I talked to Mariclare on ?Sunday? ?Monday? (Will the days ever separate themselves out?) and she told me that they found two lumps in her mothers breast. The reason I couldn't say how this makes me feel is that I am quite sure that I have separated the fact itself from my emotions completely.

All I can say is that if Mariclare lives in NH this summer, I will miss her very much. Dreadfully. Painfully. I already miss her enough. I don't know. I wouldn't even ask her to NOT go because of me though, because I really do believe that it would, under some circumstances, be the best thing for her. COGNITIVE DISSONANCE

Greg B:

I think Greg feels as if he is losing his identity--becoming whatever people expect him to be perhaps. I wish that just sometimes, if he were sad or depressed or annoyed or anything, that he would tell me, or just act like it. Usually when we are together he and I are both happy. However, I think we both know that his happiness is only the surface, and probably the least important, of how he feels. I wish that I knew for sure how he felt. I feel like sometimes, when it is very late, and he is very tired, too tired perhaps, to be the actor anymore, he allows me a tiny glance into himself. He is serious instead of jovial. These are the times that it is HIM and not the actor, and these are the times that I love him best and worry about him most.

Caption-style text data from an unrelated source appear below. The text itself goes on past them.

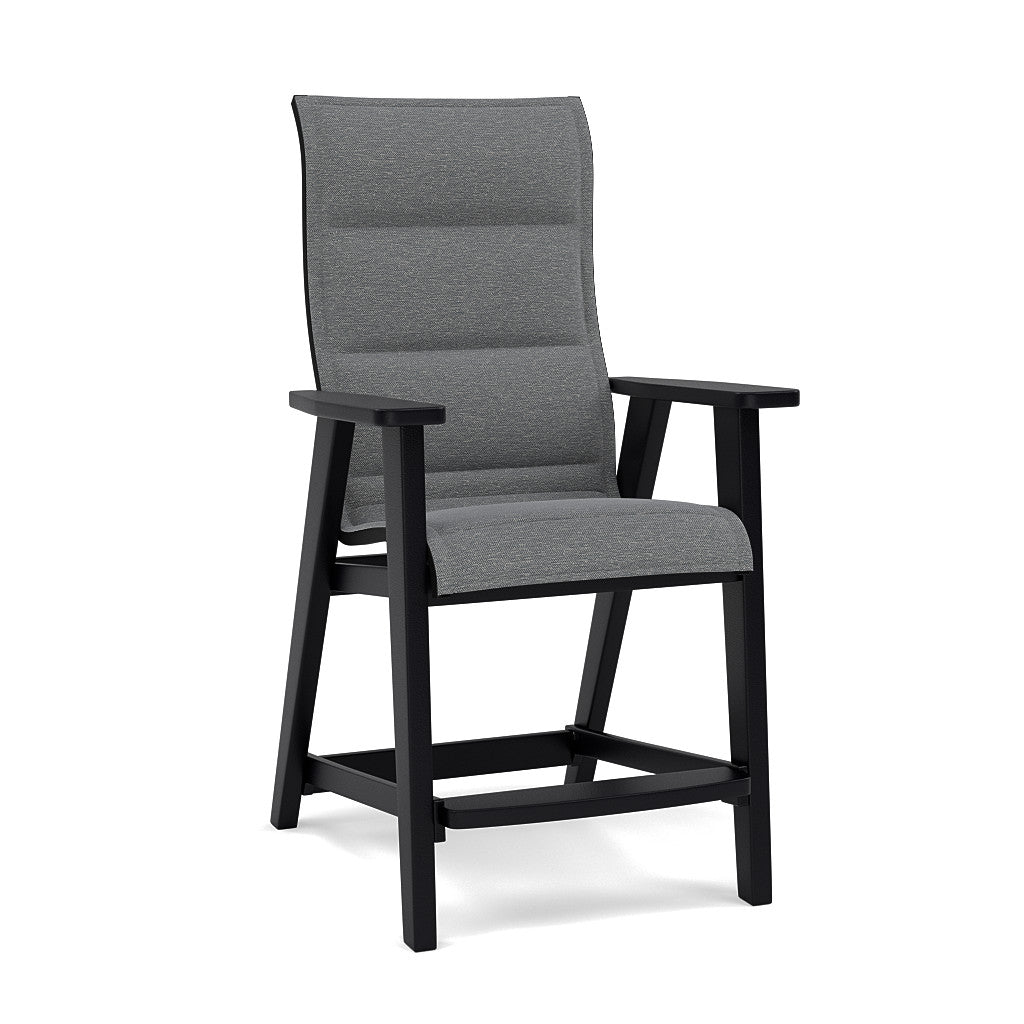 Patriot High Back Padded Sling Balcony Chair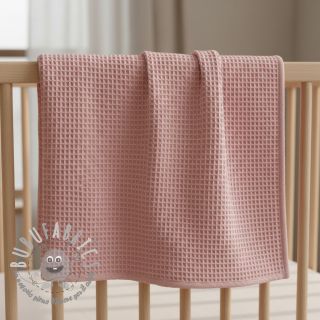 Cotone a nido d'ape bleached rose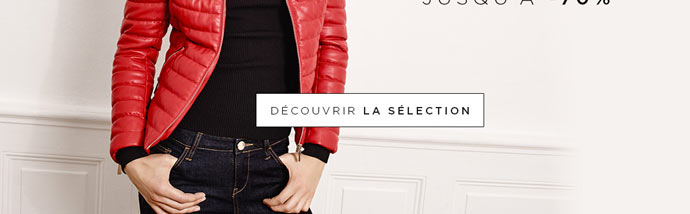 Soldes jusqu à -50%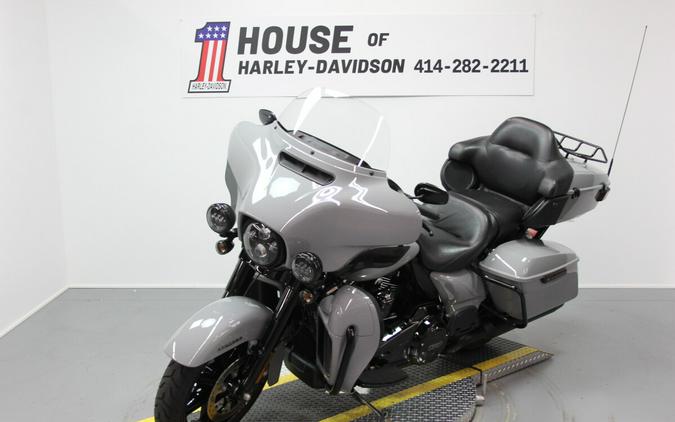 2024 Harley-Davidson® Ultra Limited Billiard Gray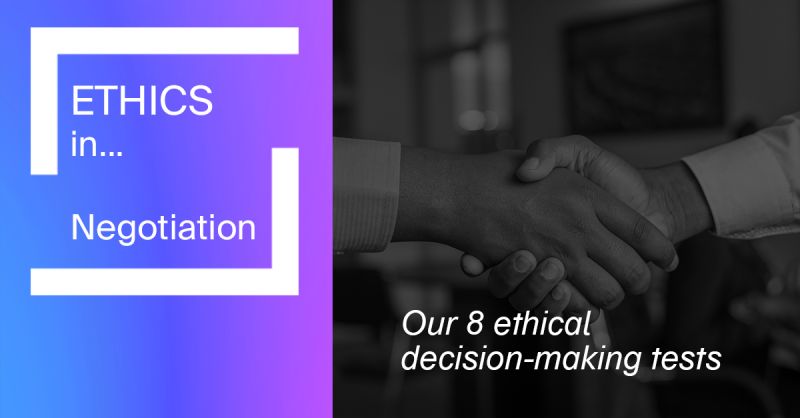 Negotiation and Ethics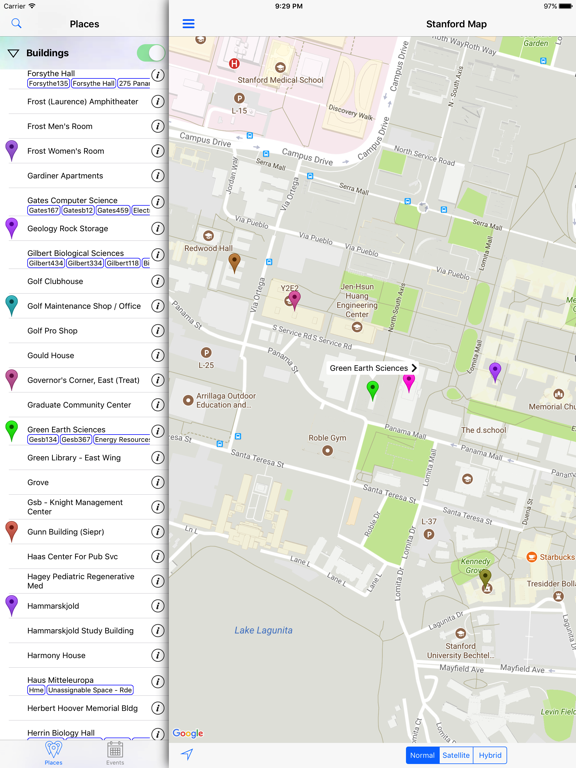 Screenshot #4 pour Stanford Map +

Although he is simply responding to everyone else. No one likes to hear about other peoples depressing mentalities about this or that. However, I pick and choose those people who I will bring down with me--surely this is ?LOL? true friendship. I wonder if Greg picks or chooses. Is this act simply consideration on his part? If it is--just know that I know, GB. And know that your identity must be expressed--no matter how much other people may not like the morose. If you continue to become the actor, I am quite certain you will forget how to turn off the actor, until it consumes you and your entire life is a farce for other people's pleasure.

D:

I can't even believe this shit about D. He has been expelled from school and from what Norm says, he will not be back next year either. An entire semester down the tubes at the very end. So much work and money for nothing. I thought the police were there to help the rest of us become better and more productive citizens. Surely being the cause of a good kid to drop out of school is doing that. Way to go.